__Activity__: Quote word for word from the line holding "Simple Ring Band" to the last line below, including both, and omit any pictures.

__Given material__:
╭──
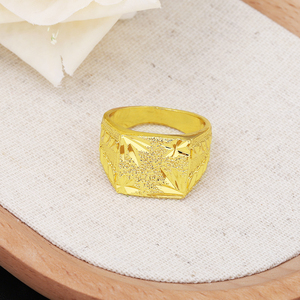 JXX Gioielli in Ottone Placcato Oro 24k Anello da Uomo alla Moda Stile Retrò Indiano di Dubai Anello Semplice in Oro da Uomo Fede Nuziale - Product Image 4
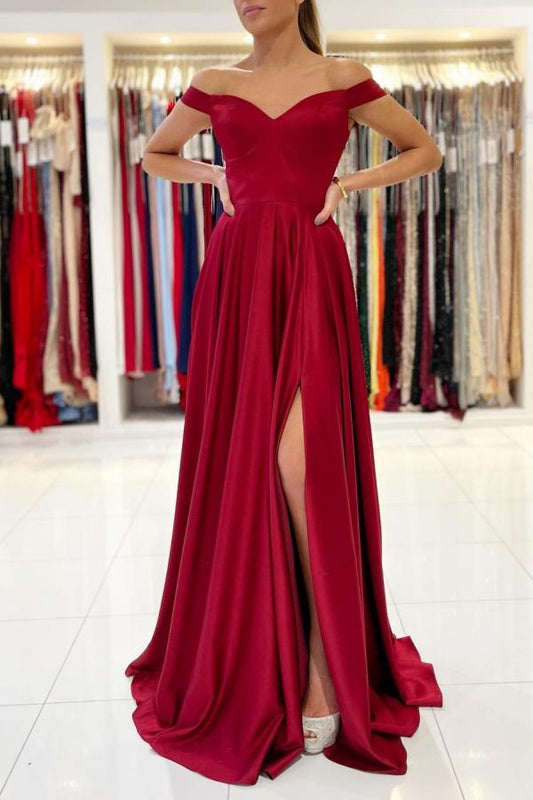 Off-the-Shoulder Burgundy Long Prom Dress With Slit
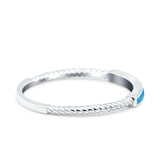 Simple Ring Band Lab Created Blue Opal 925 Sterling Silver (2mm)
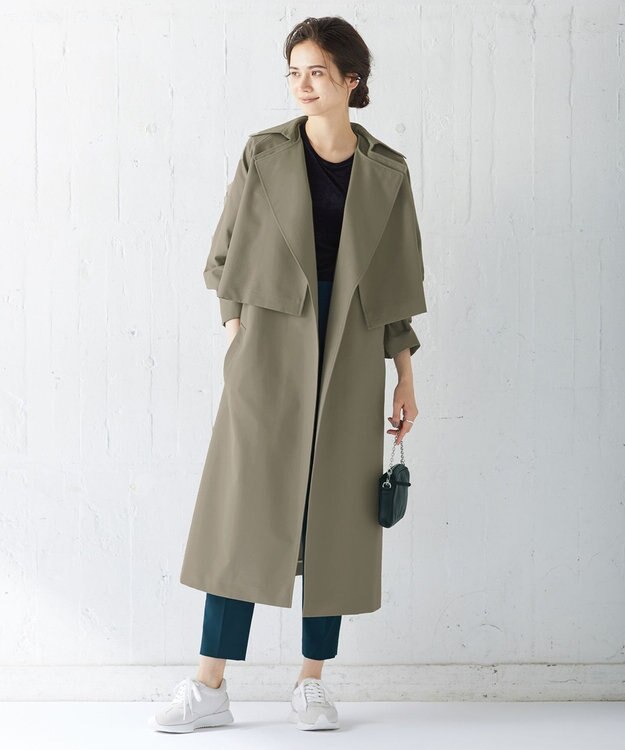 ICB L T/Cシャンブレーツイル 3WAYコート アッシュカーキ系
╰──
__Result of the task__:
 Simple Ring Band Lab Created Blue Opal 925 Sterling Silver (2mm)
 ICB L T/Cシャンブレーツイル 3WAYコート アッシュカーキ系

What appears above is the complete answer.